Work task:
From the first line to the last, give the material again exactly, without the images.

Provided data:
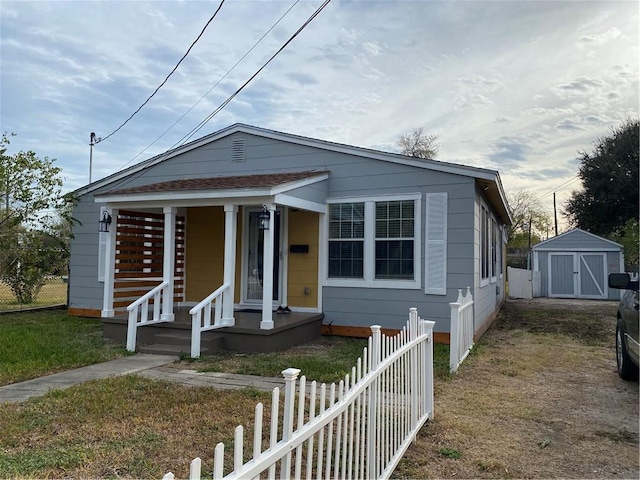 bungalow-style house featuring a shed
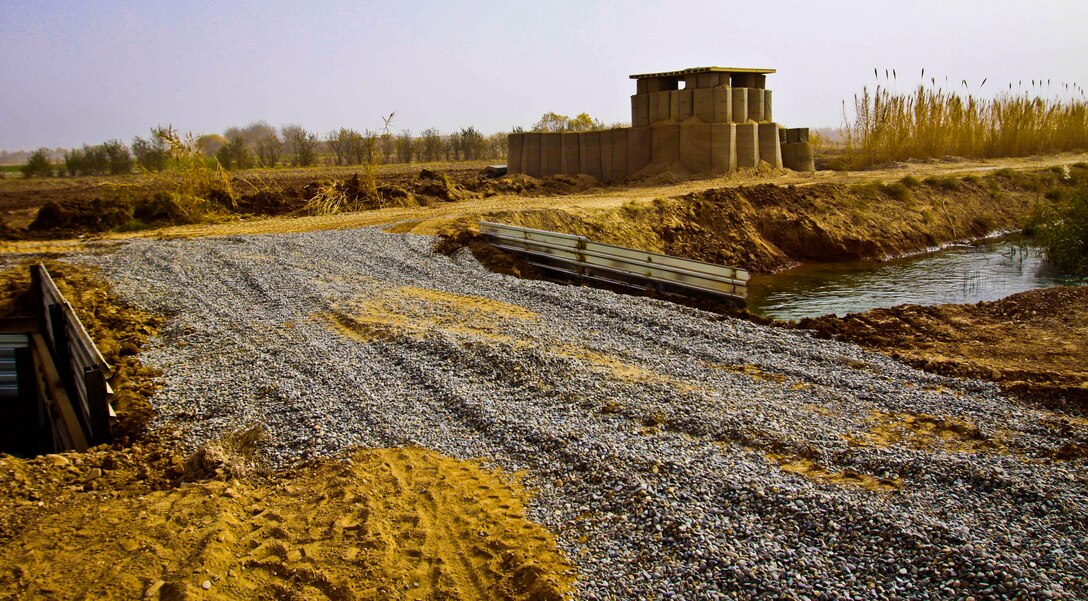 Marines with Engineer Company, Combat Logistics Battalion 3, 1st Marine Logistics Group (Forward) finshed construction of a bridge and guard post in Marjah, Afghanistan, Dec. 5. Combat engineers with CLB-3 conducted operations in direct support of Marine units operating in the area.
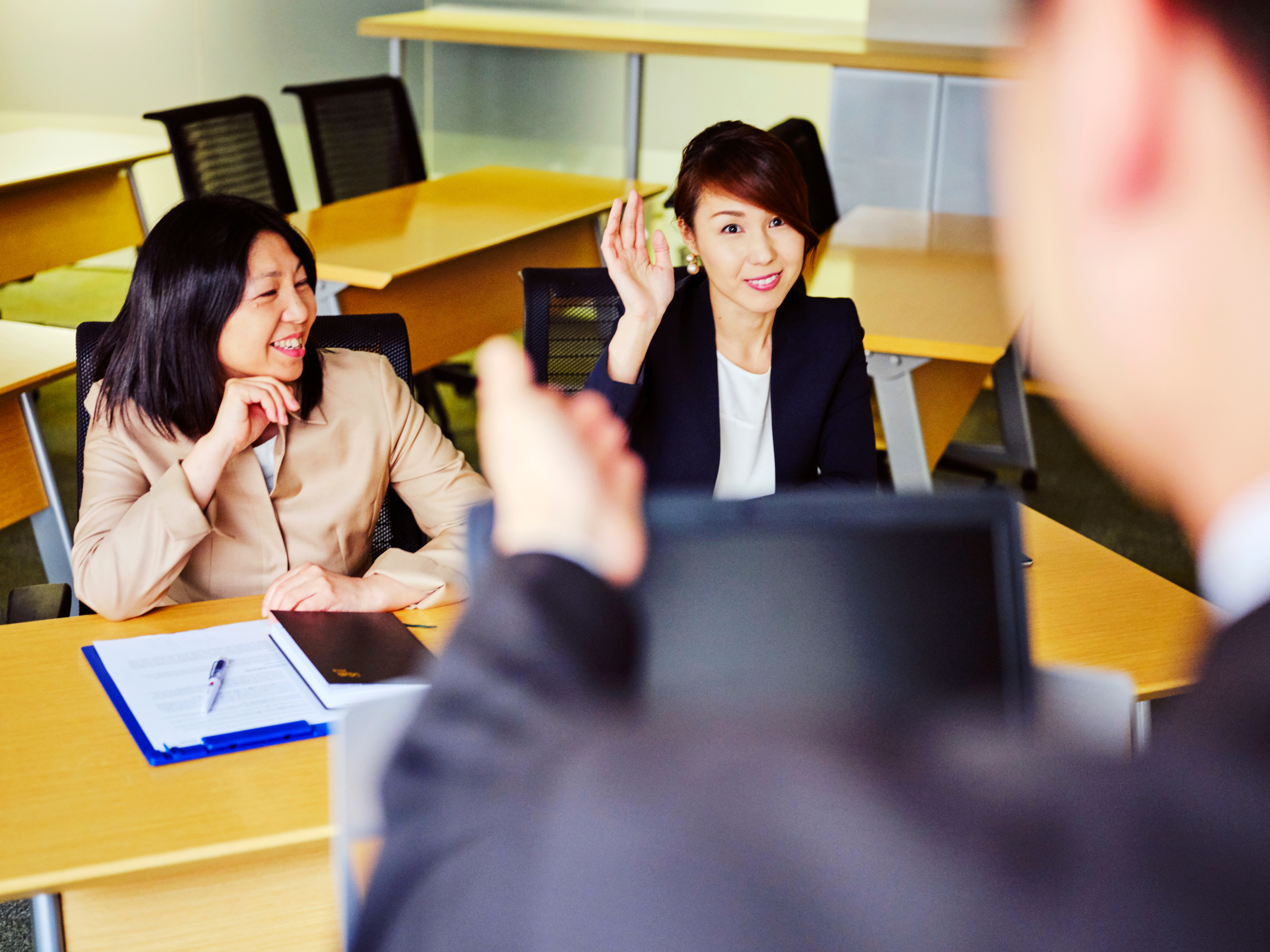 Dos mujeres en una reunión de trabajo formal.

Reply:
 bungalow-style house featuring a shed
 Marines with Engineer Company, Combat Logistics Battalion 3, 1st Marine Logistics Group (Forward) finshed construction of a bridge and guard post in Marjah, Afghanistan, Dec. 5. Combat engineers with CLB-3 conducted operations in direct support of Marine units operating in the area.
 Dos mujeres en una reunión de trabajo formal.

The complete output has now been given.